» The problem
Although the entries contain pictures, the copy should hold only their exact text.

» Records to use
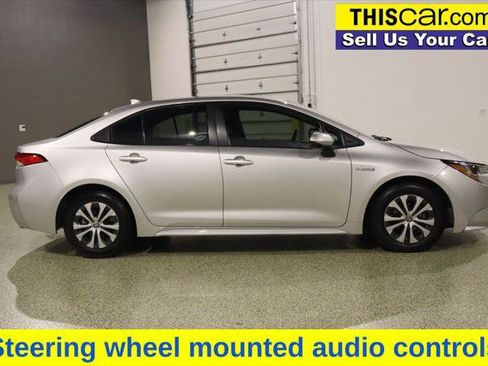 Used 2021 Toyota Corolla LE image 8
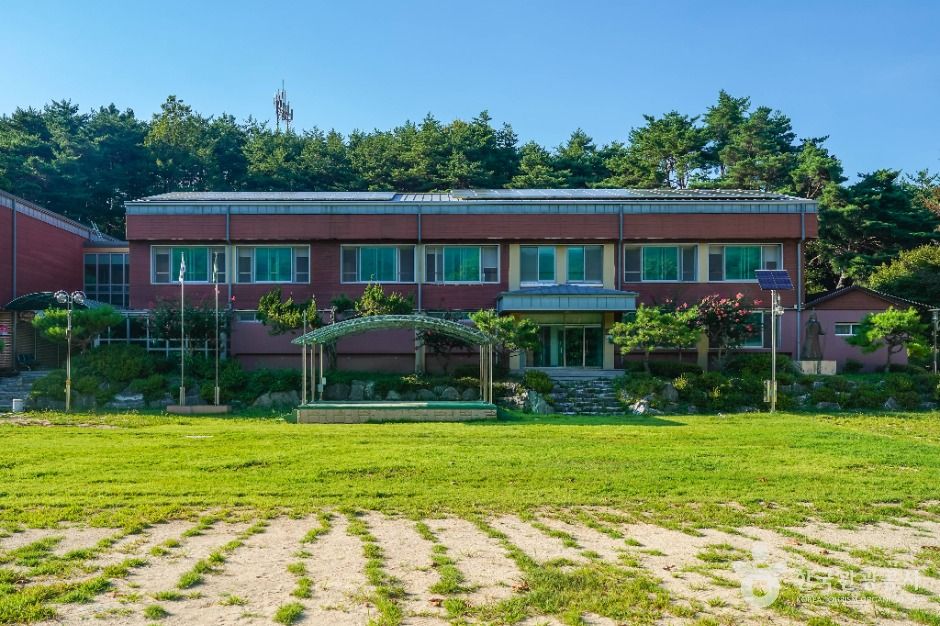 架山山城村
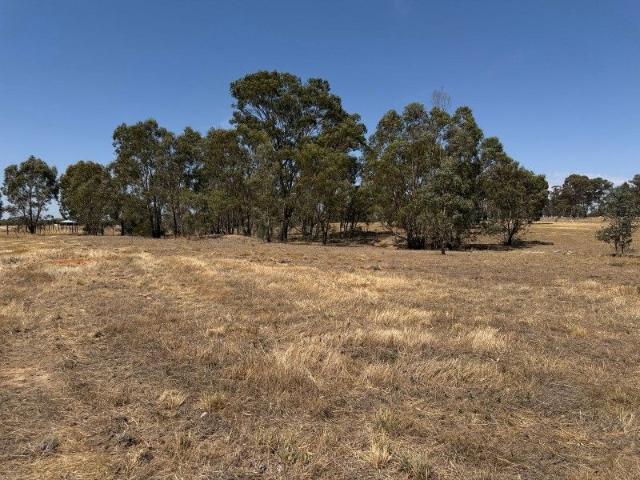 Cottage for sale in Bowenvale, Victoria
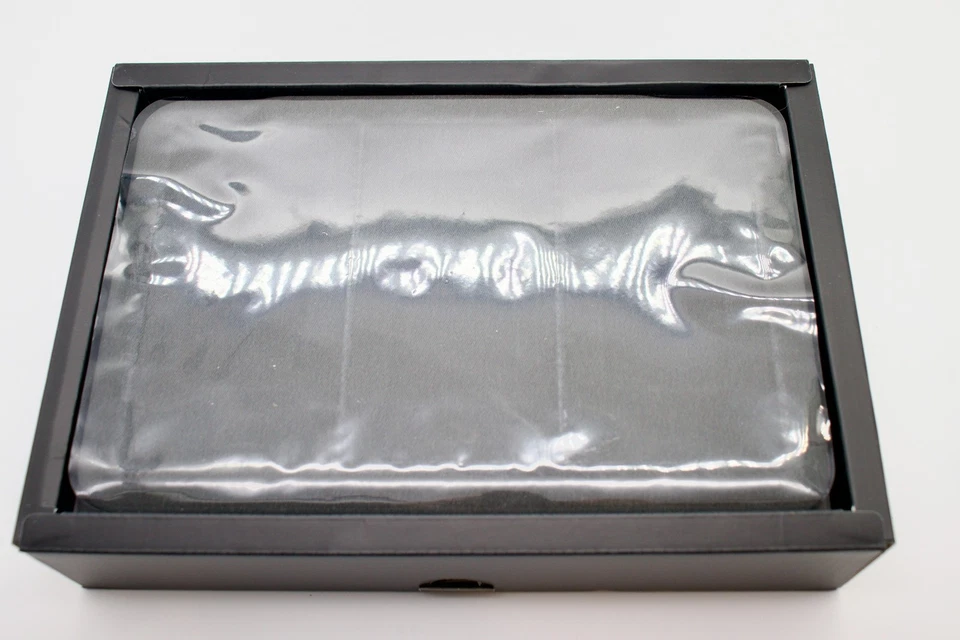 Alfombrilla de carga inalámbrica universal Mophie 4 en 1 con soporte para Apple Watch — Nueva Foto 3 de 4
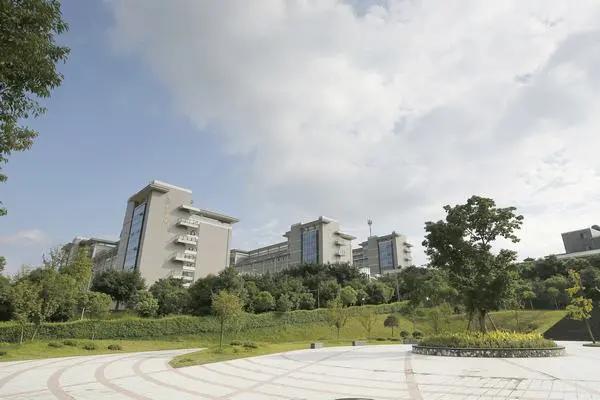眉山市唯一一所省级示范高职院校，被誉为“见桥大学”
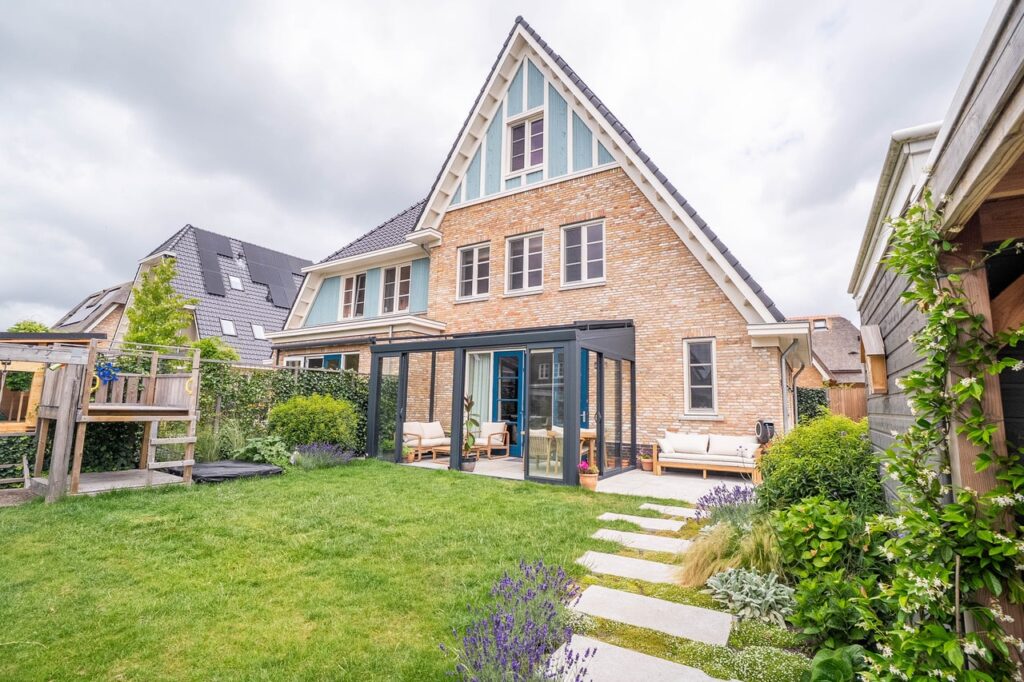 Moderne familiewoning tuin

» Reply
 Used 2021 Toyota Corolla LE image 8
 架山山城村
 Cottage for sale in Bowenvale, Victoria
 Alfombrilla de carga inalámbrica universal Mophie 4 en 1 con soporte para Apple Watch — Nueva Foto 3 de 4
眉山市唯一一所省级示范高职院校，被誉为“见桥大学”
 Moderne familiewoning tuin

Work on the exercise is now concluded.